Your answer must be the data repeated exactly, with no pictures in it.

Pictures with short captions
• • • • •

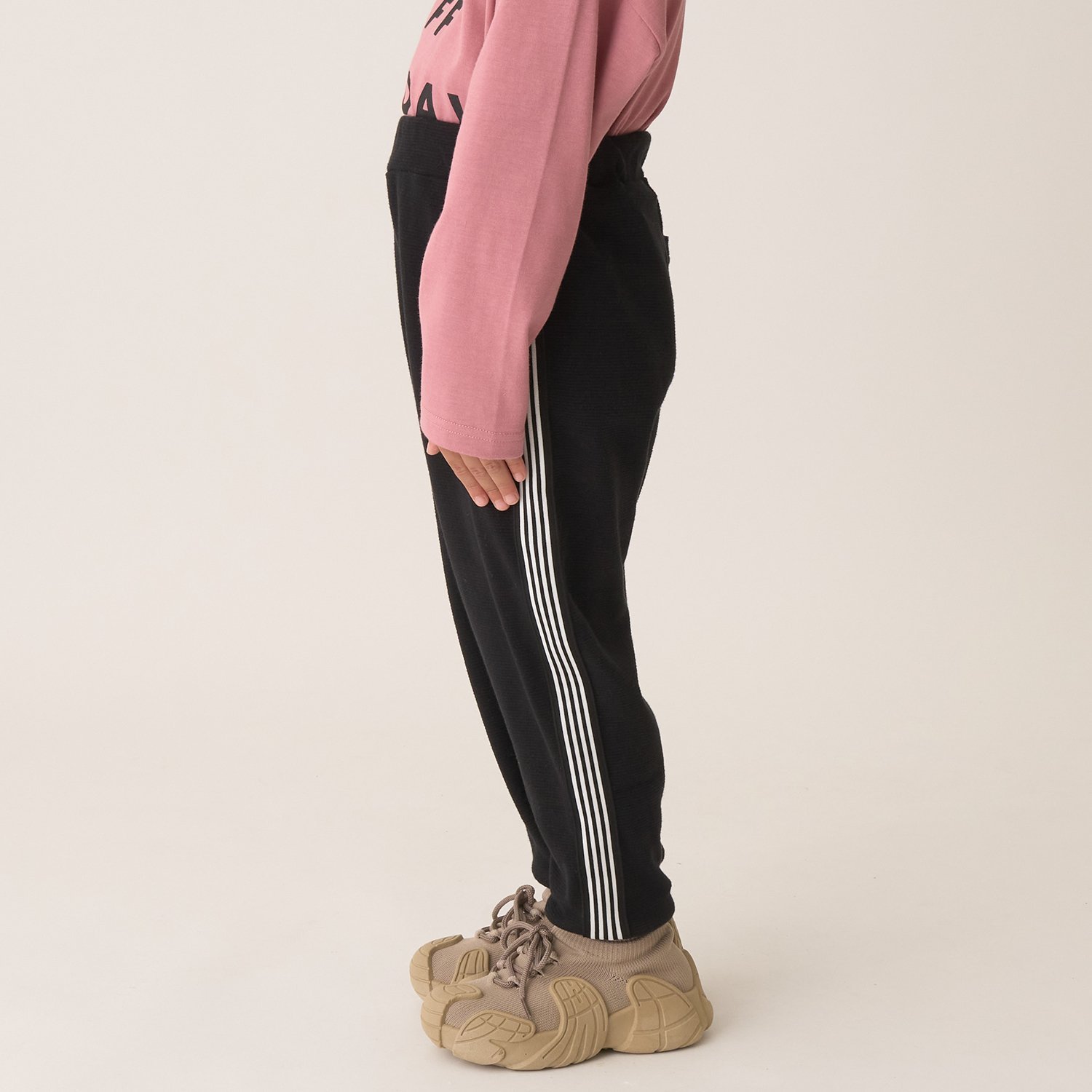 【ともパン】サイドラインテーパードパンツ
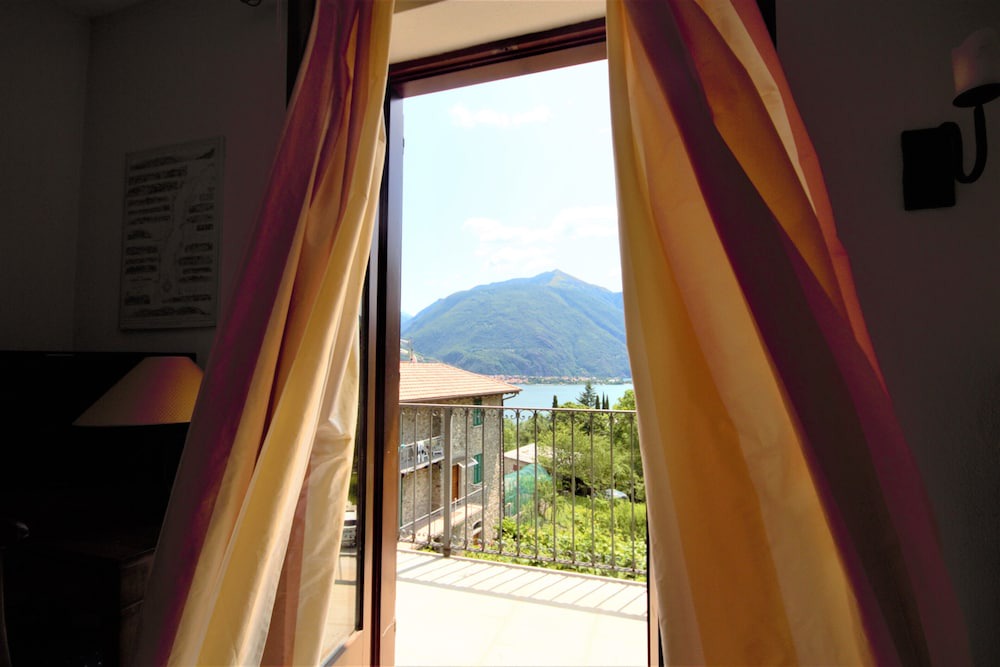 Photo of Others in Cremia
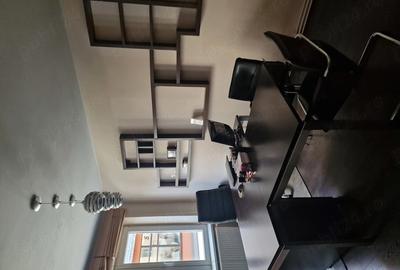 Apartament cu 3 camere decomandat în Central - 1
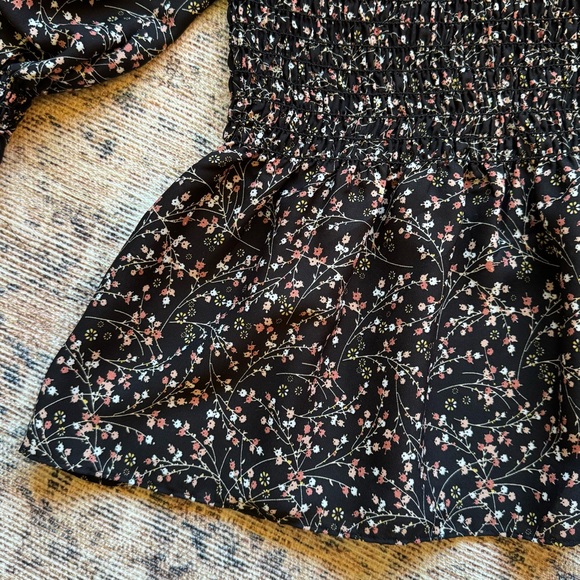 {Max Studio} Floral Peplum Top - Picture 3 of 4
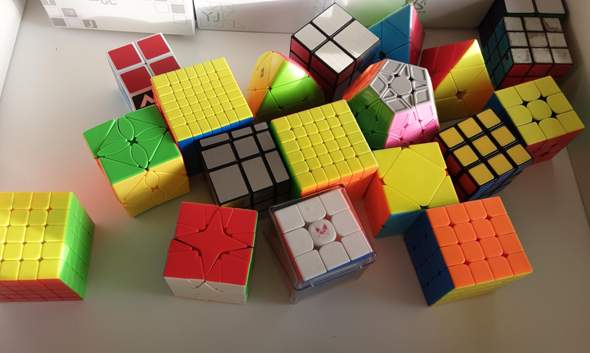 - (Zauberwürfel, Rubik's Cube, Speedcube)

• • • • •

**Response:**
 【ともパン】サイドラインテーパードパンツ
 Photo of Others in Cremia
 Apartament cu 3 camere decomandat în Central - 1
 {Max Studio} Floral Peplum Top - Picture 3 of 4
 - (Zauberwürfel, Rubik's Cube, Speedcube)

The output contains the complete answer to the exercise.